To be part of the future VA Beef Industry, producers must be willing to adopt the management practices and breeding programs that will allow cattle to be eligible for value added programs. Producers will also need to be willing to give up some independence and work in groups in order to maximize the advantages of value added marketing. Producers cannot stand still in value added marketing just as now the special graded sales are “average” when once they were a form of value added marketing.

Industry infrastructure. Virginia has a good beef industry infrastructure. Could it be better? Yes, and if the industry makes a concerted effort in leadership development it will improve. However, just having a cattlemen’s organization, a department of agriculture, and a land-grant university that are willing to work together to assist beef producers is amazing to many states. Add in local cattlemen’s organizations, livestock markets, roads, and trucking and you can see the infrastructure is pretty good.

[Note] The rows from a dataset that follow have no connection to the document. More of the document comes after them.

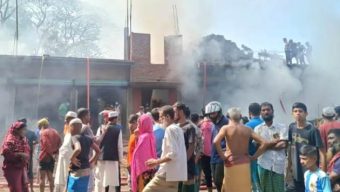 গলাচিপায় পাটখড়ির গুদামে অগ্নিকাণ্ড
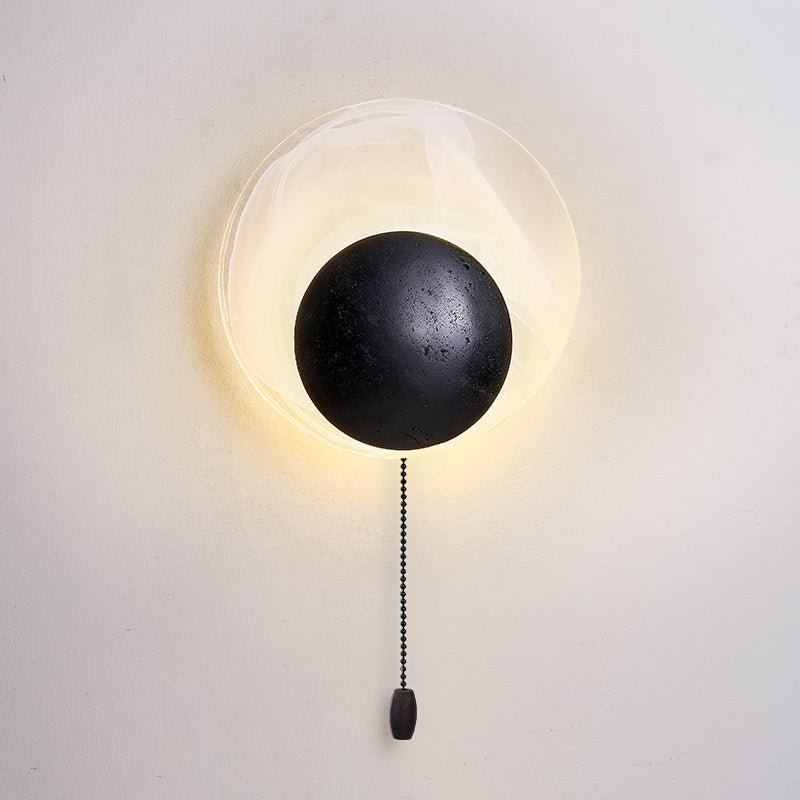 Orla Cosmica Eclipse Zwarte travertin wandlamp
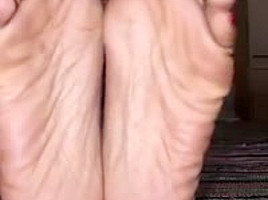 Bri oiled Feet Soles 2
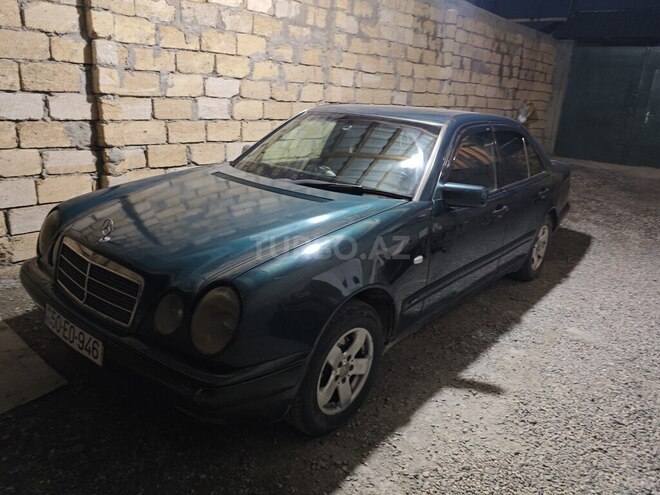 Mercedes E 200 1996, 300,000 km - 2.0 l - Sumqayıt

Educational opportunities. Virginia has some of the best education opportunities of many states. Whether it is the local County Agent or cattlemen’s groups or beef specialists from Virginia Tech, producers sometimes have almost too many educational opportunities. When you add some of the great beef producers that are willing to share their knowledge with other producers or provide leadership, the opportunities are almost endless. It will be up to the VA beef producers to use these educational opportunities, and to ensure the delivery system for education remains intact.


Availability of land. Urban sprawl continues to gobble up considerable in acreage every year in Virginia. In addition, the transfer of a large portion of agricultural land to another generation may limit the amount of land available for beef production, at least at a reasonable price. Many acres of land suitable for beef production remain idle due to inability of interested parties to gain long-term leases. Virginia is far behind other Mid-Atlantic states in farm land preservation or agriculturally friendly land legislation. Proactive education and politics is needed to create an environment where agricultural land is valued for agricultural purposes.

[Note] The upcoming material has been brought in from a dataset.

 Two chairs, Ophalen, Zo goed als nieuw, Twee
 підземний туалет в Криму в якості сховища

Fuel and feed prices. Every beef producer is struggling with these issues. Many of VA cattle are fed in neighboring states by producers who tend to be silage rather than grain producers. It is to VA beef producers’ advantage to continue to create relationships with feeders as well as producing the type of cattle they need. Virginia’s forage base is the key to offsetting high grain prices and more cattle will need to be kept as stockers to produce heavier feeders. Decreased reliance on harvested forages and a greater use of extended grazing will be key factors to offset high fuel prices. Improving quality of forages that are harvested is also important.

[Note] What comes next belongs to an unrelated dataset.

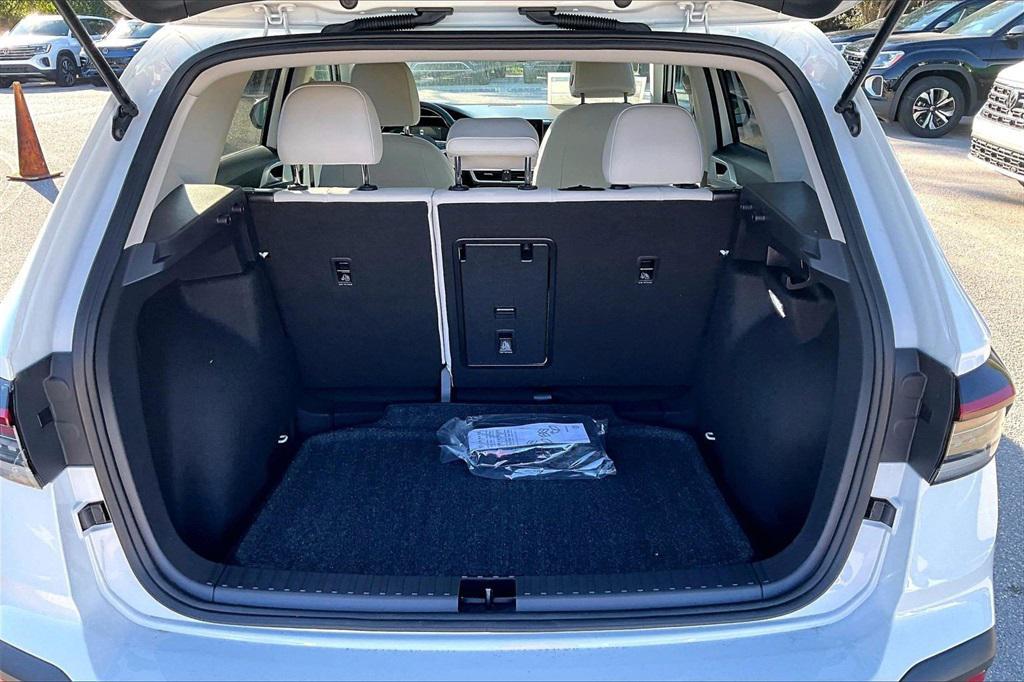 new 2026 Volkswagen Taos car, priced at $30,512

Lack of understanding of the value of the beef industry to Virginia. If this doesn’t strike a nerve with you it needs to! As a disclaimer this represents my opinion. Every one of us is to blame for this problem including me. The VA Beef Industry is the NUMBER 2 agricultural industry in the state! Let’s say that again….beef is the number 2 agricultural industry in the state. It has the potential to continue to influence the Virginia economy at that level and greater. With proper support it could grow. How many Virginians that are not beef producers understand that fact? How many people appreciate what beef production could mean to Virginia? Just ask anyone who worked on the Southside beef initiative? Compare the amount of beef cattle research and extension resources in Virginia to states such as Kentucky and Tennessee. How many people understand that the beef and timber industries are the reasons for open space in Virginia? I have said enough, but you get the point. Each beef producer needs to be a positive proactive spokesperson for the industry.

To paraphrase a historic quote: How stands the VA beef industry? “Oak bottomed and copper clad.”

I wish nothing but the best for the Virginia Beef Industry and Virginia Tech. Take care of them. For each of you I hope for tall grass, pregnant cows, and healthy calves.